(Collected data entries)
==*==

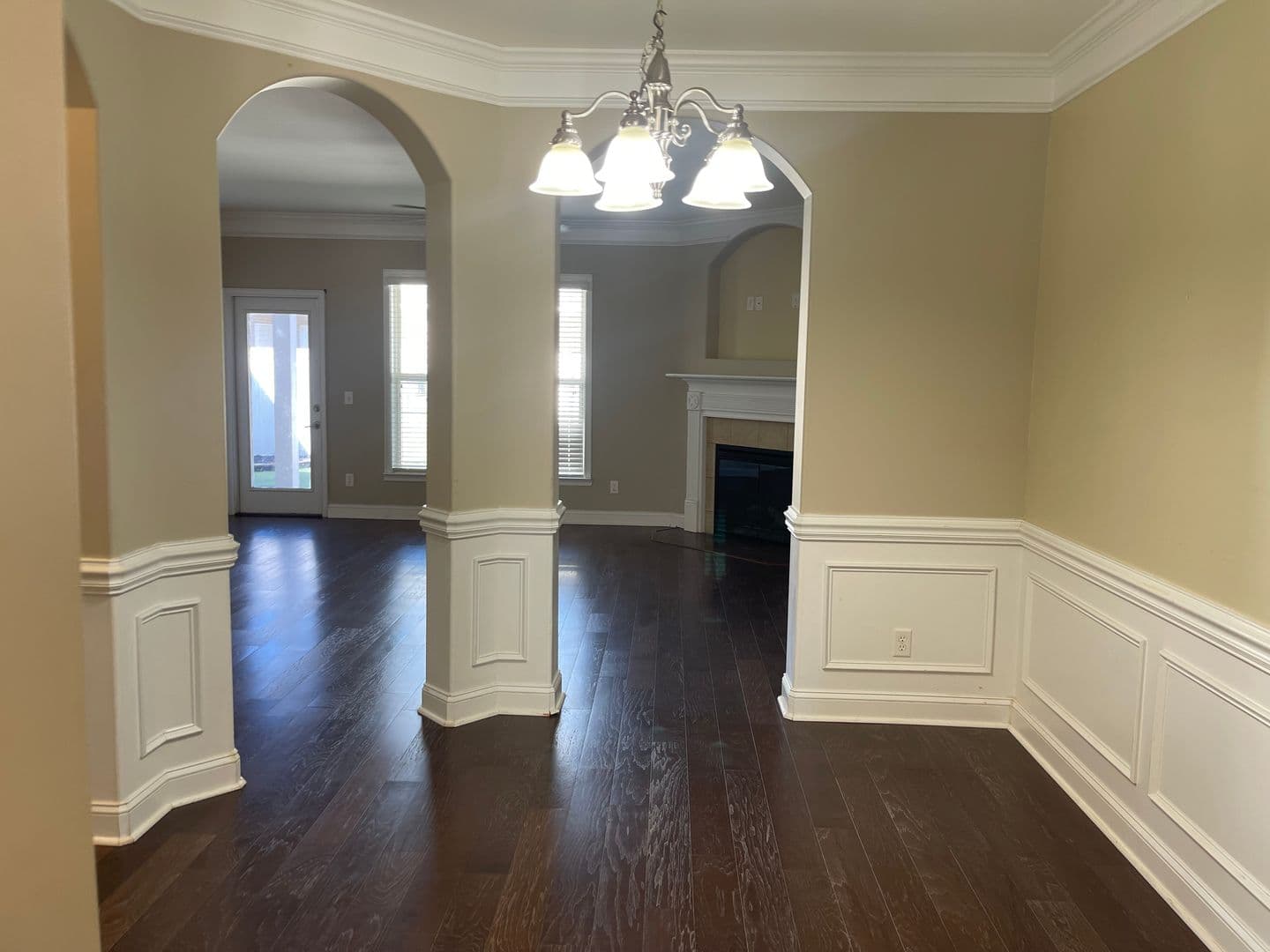 Pooler House: 253 Durham Parkway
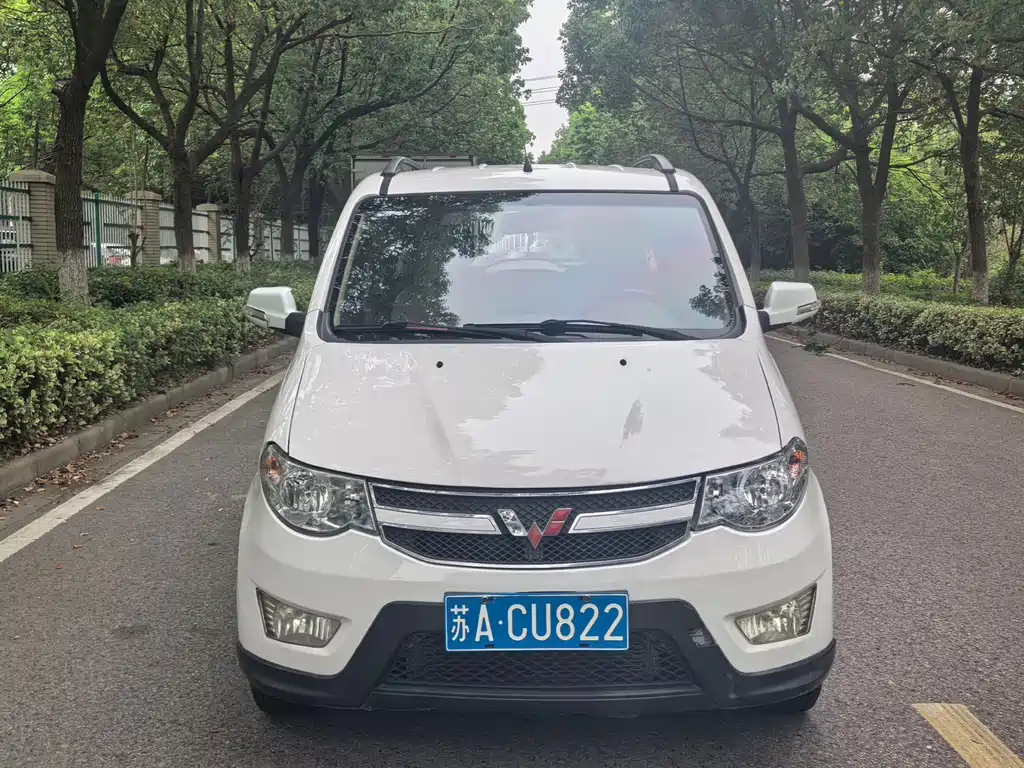 Wuling Hongguang 2014 1.5L S automatic comfort model купить на сайте DeffCars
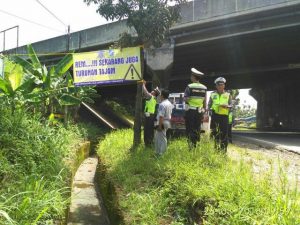Polres Purwakarta dan Jasa Raharja Pasang Peringatan Bahaya Laka Lantas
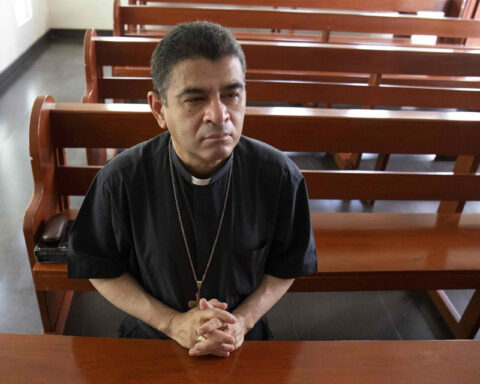 Monsignor Álvarez is sentenced to 26 years in prison after refusing to be exiled from Nicaragua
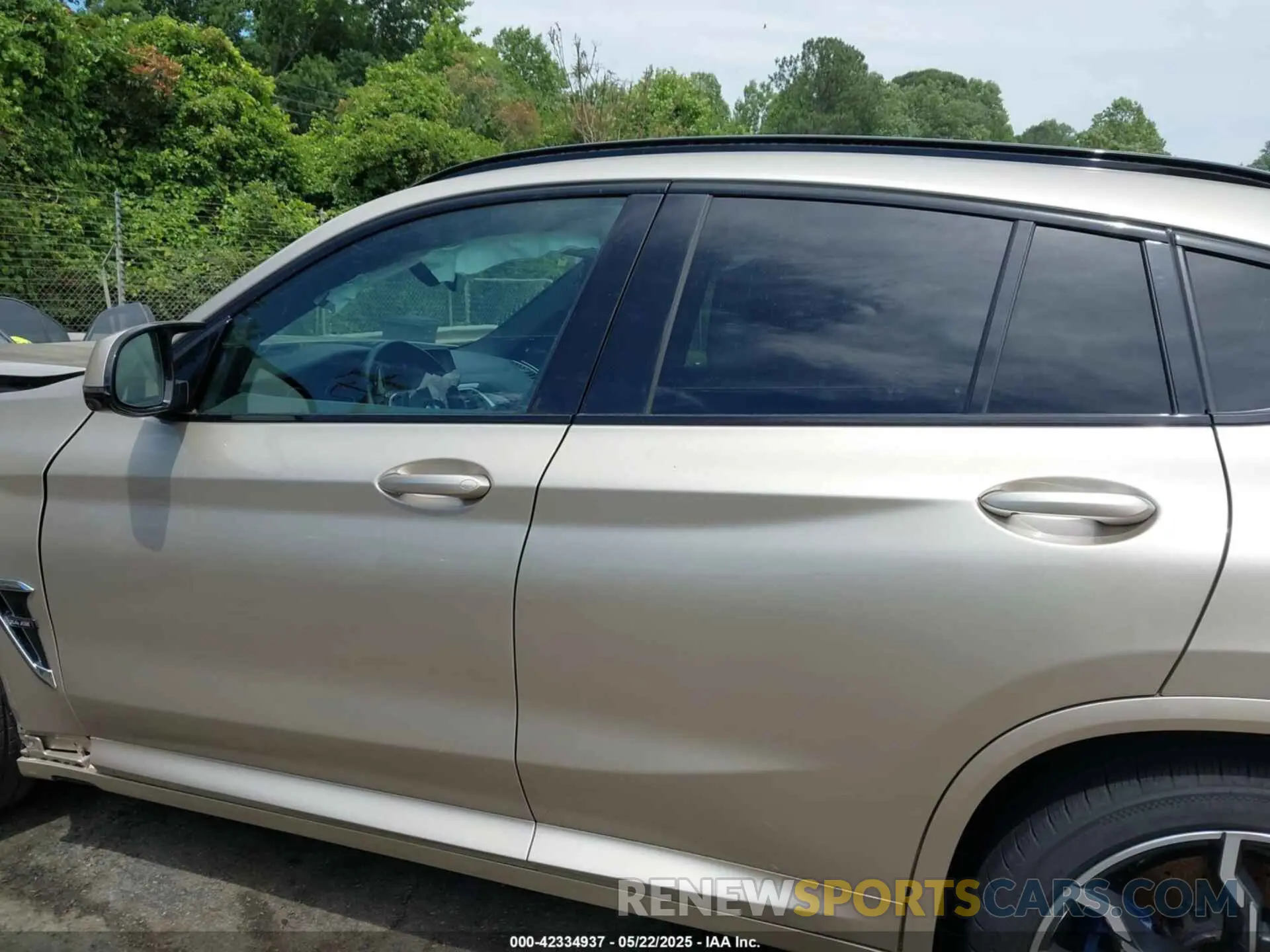 14 Photograph of a damaged car 5YMUJ0C07LLA99844 BMW X4 M 2020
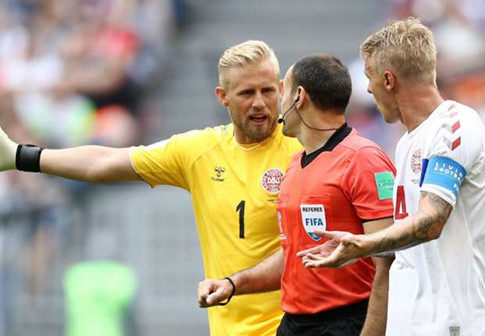 Rất nhiều t&igrave;nh huống cầu thủ hay đội b&oacute;ng muốn xem VAR cho r&otilde;, nhưng quyền quyết định xem VAR l&agrave; một b&iacute; ẩn: ảnh&nbsp;REUTERS.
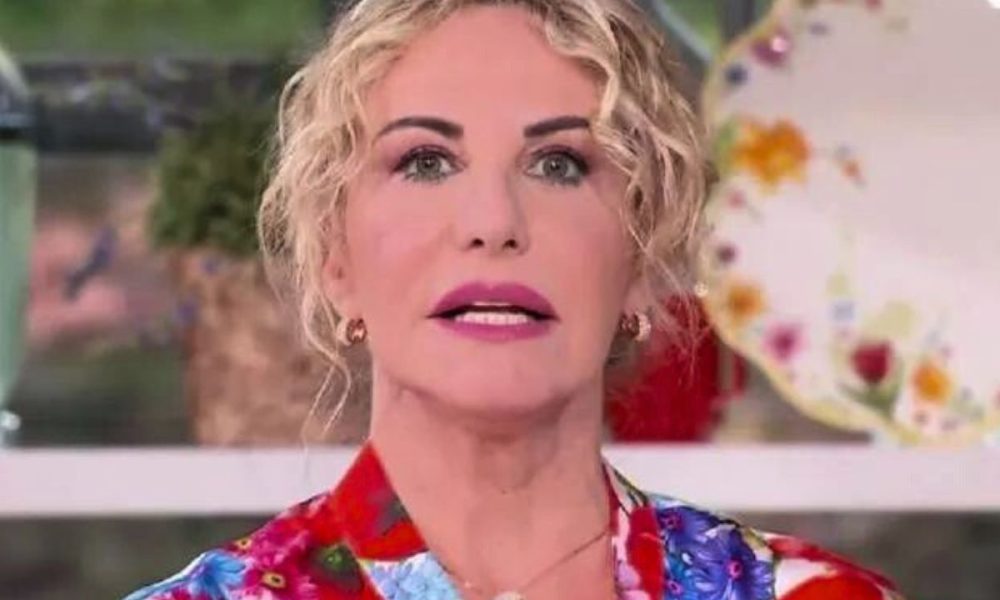 É sempre mezzogiorno: perché Antonella Clerici non va in onda martedì 10 ottobre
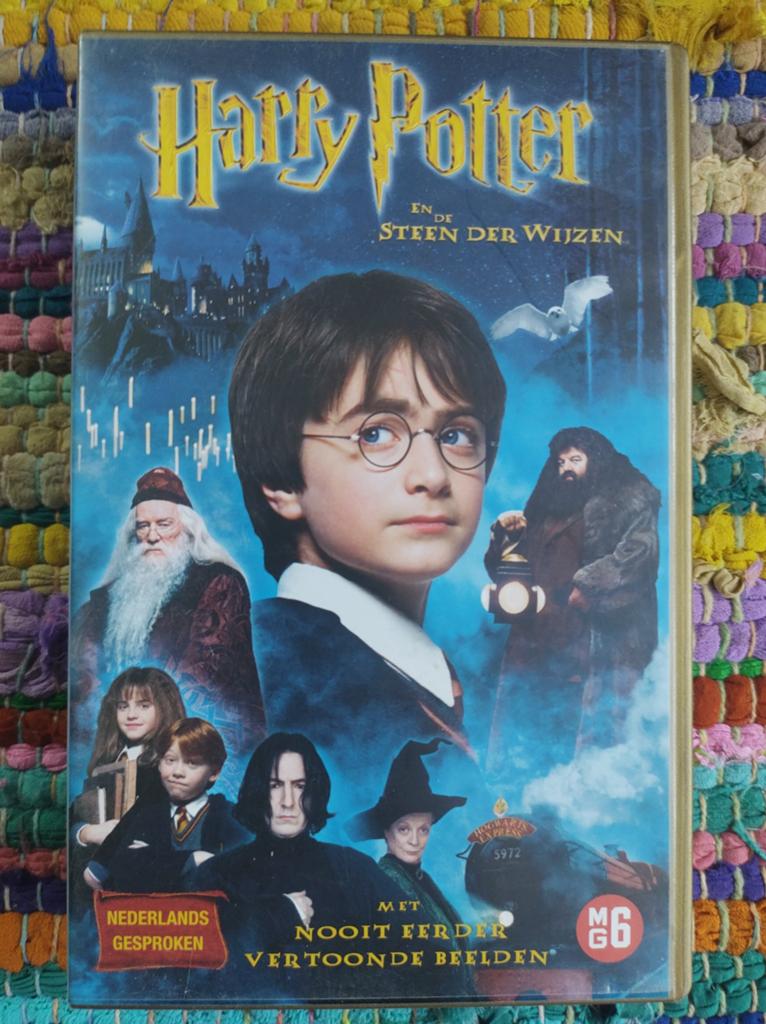Harry Potter en de Steen der Wijzen VHS (Ned. gesproken), Cd's en Dvd's, VHS | Film, Vanaf 6 jaar, Ophalen of Verzenden, Gebruikt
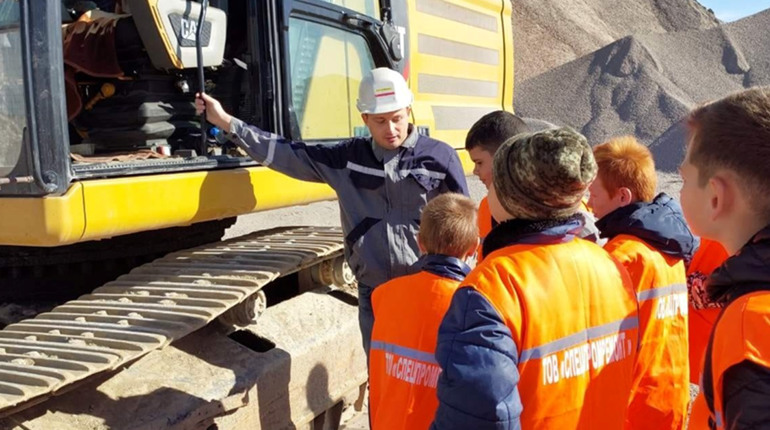 Учні Гурівського ліцею відвідали гранітний кар'єр та дізнались, як він працює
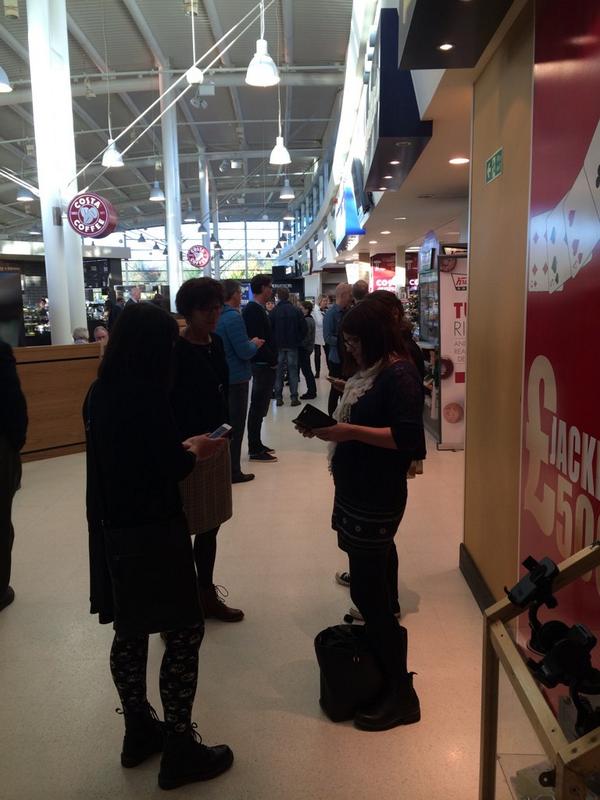 Efter tidig morgon, kafferast på väg mot essa-academy för nya spännande möten. #rudenilondon2014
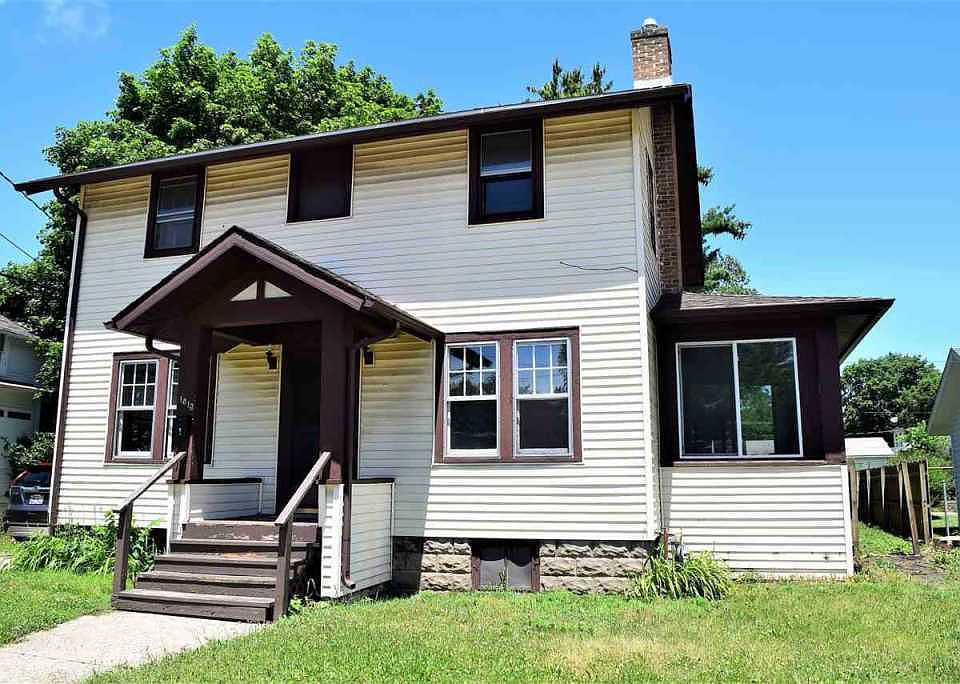 1st image of 1813 Auburn St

==*==

Write out word for word every line from the line with "Efter tidig morgon, kafferast" through the final line of the records, both included, skipping the pictures.

 Efter tidig morgon, kafferast på väg mot essa-academy för nya spännande möten. #rudenilondon2014
 1st image of 1813 Auburn St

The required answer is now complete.